Dans le même temps, les plateformes sociales, qui sont aussi une source majeure d’information, ont abaissé leurs standards en matière de contenu acceptable, allant même jusqu’à supprimer totalement certaines équipes de vérification des faits. Résultat : la désinformation visuelle est devenue un problème majeur, et il est de plus en plus difficile de distinguer le vrai du faux. Face à cette situation, des agences de presse comme l’Agence France Presse ont pris l’initiative de lutter contre la manipulation des images.
L’initiative de l’AFP : une certification infaillible
Lors des dernières élections américaines, l’AFP a testé avec succès un système reposant sur le standard C2PA (Coalition for Content Provenance and Authenticity). Les Content Credentials (en français : certificat d’authenticité), créés par le groupe de travail du C2PA, sont des données textuelles associées à une image (appelées métadonnées) intégrées aux fichiers numériques qui fournissent des détails sur l’origine et les modifications apportées à un contenu. Imaginez-les comme une carte d’identité numérique pour une image ou une vidéo, indiquant qui l’a créée, quand, où, et quelles modifications ont été effectuées.
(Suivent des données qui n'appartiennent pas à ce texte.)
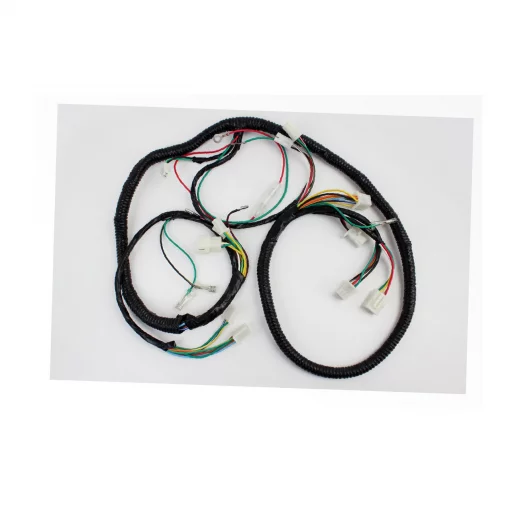 Проводка центральная, тип 3, 50-100сс 4Т, YQ-349206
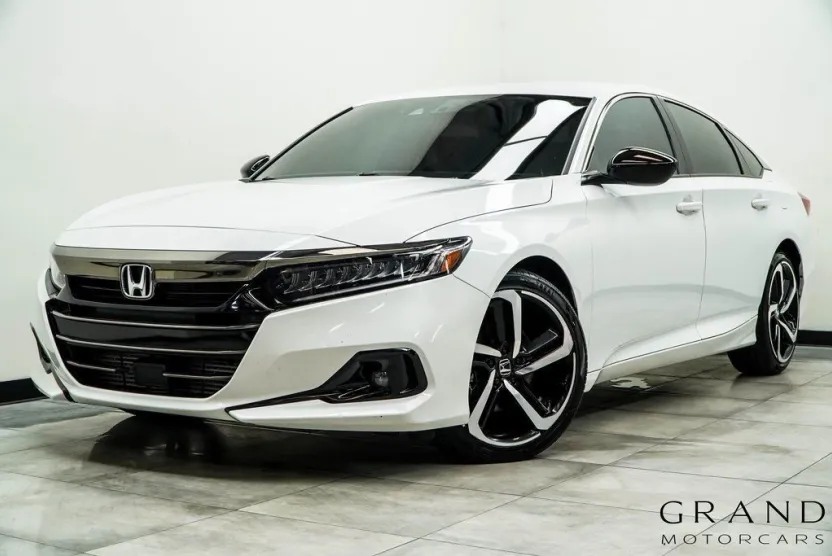 2022 Honda Accord Sport 1.5T photo 1
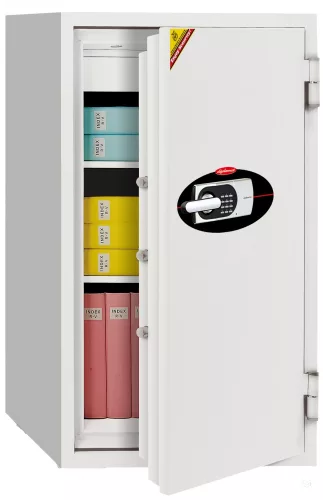 Diplomat Safe® | 1200 Elektromos 120 Percig tűzálló széf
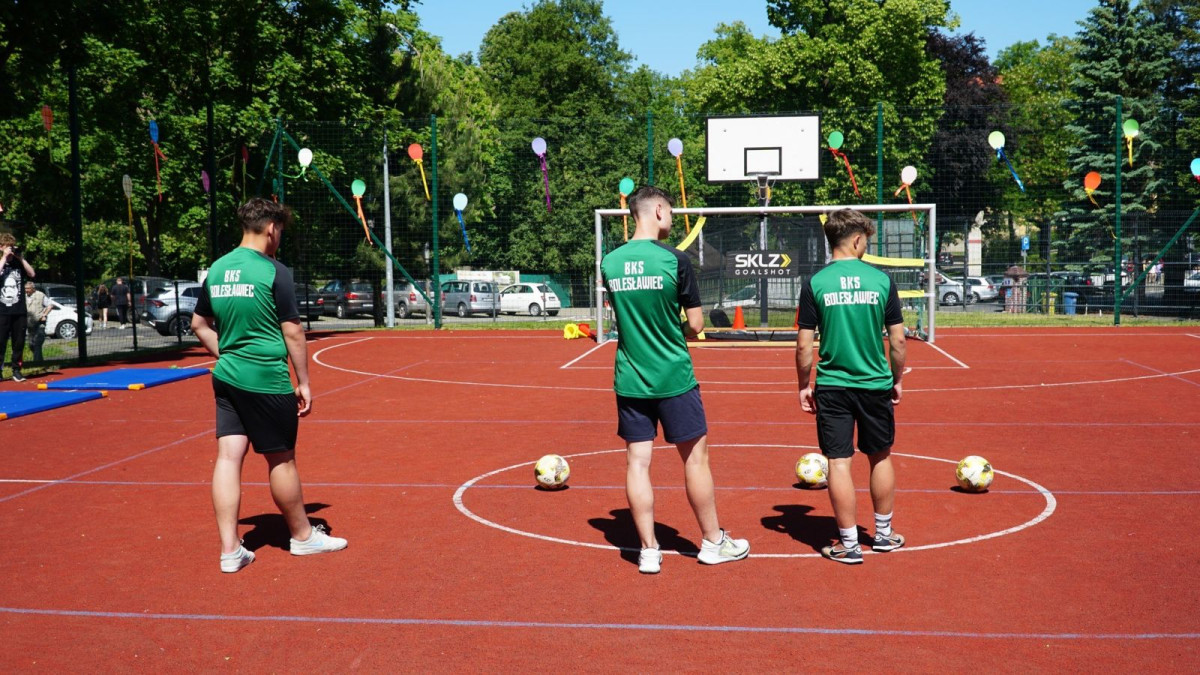 Piknik Integracyjny w Bolesławcu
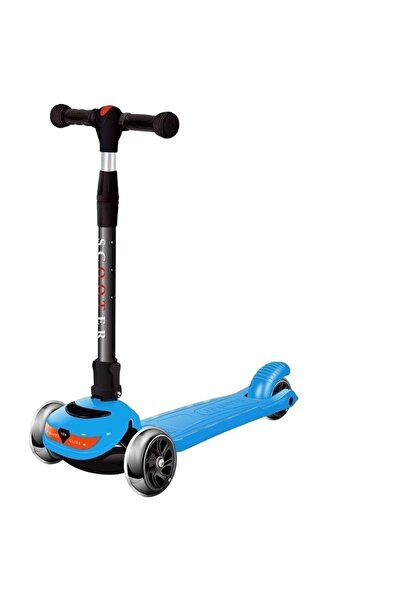 Mixbo Foldable Scooter with 3 Wheels for Children Mixbo, 3+ Years, Blue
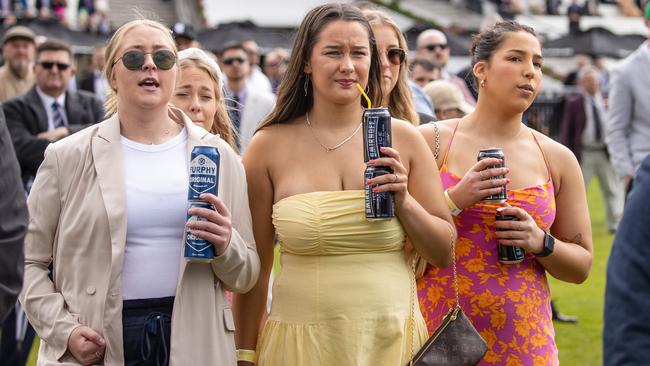 2022 Lexus Melbourne Cup at Flemington Racecourse. Picture: Jason Edwards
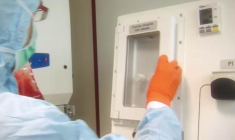 Un laboratoire Erytech. (© Erytech)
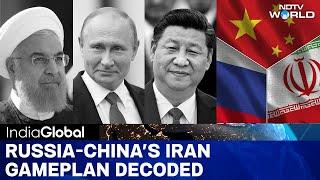 Iran Israel | Iran Begins Outreach To Allies, Russia-china Fall Short Of Offering Concrete Support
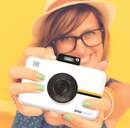 CAMARA KODAK STEP TOUCH WHITE PANTALLA TACTIL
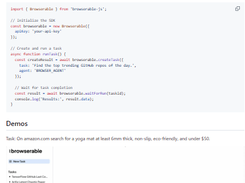 browserable Screenshot 1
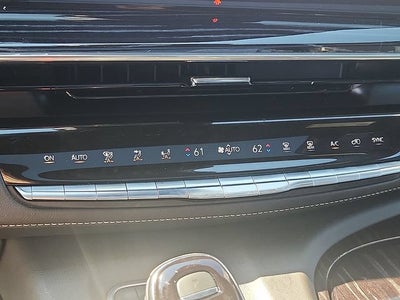 2022 Cadillac Escalade ESV Sport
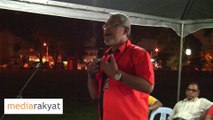 Khalid Samad: Inilah Kezaliman Oleh Orang Yang Ada Kuasa Yang Majoriti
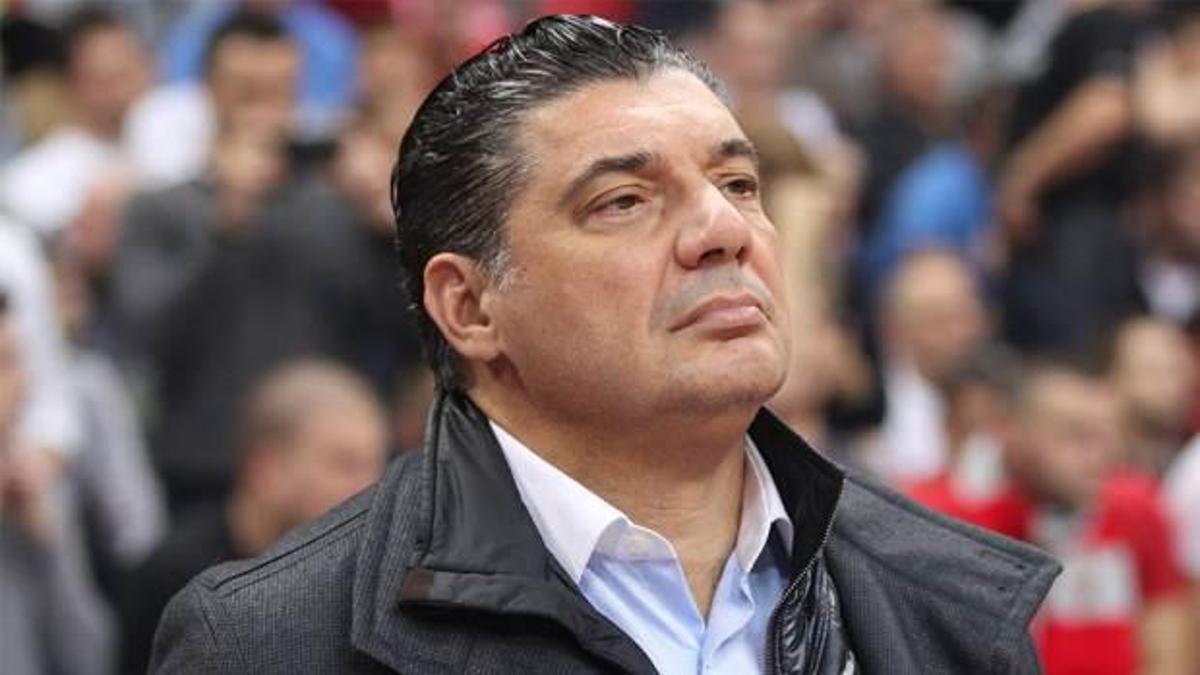 Raznatovic ‘Erkekler Basketbol Ligi!’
L’idée de fond du Content Credential, c’est qu’en connaissant l’origine d’une photo, la manière dont elle a été prise (artificiellement ou non), et les modifications qu’elle a subies, chacun peut décider en toute connaissance de cause s’il lui accorde sa confiance. C’est exactement comme lorsqu’on lit l’étiquette d’un produit alimentaire avant de l’acheter. Plutôt que de laisser une machine trancher, ce sont les utilisateurs qui, munis de toutes ces informations, font un choix éclairé.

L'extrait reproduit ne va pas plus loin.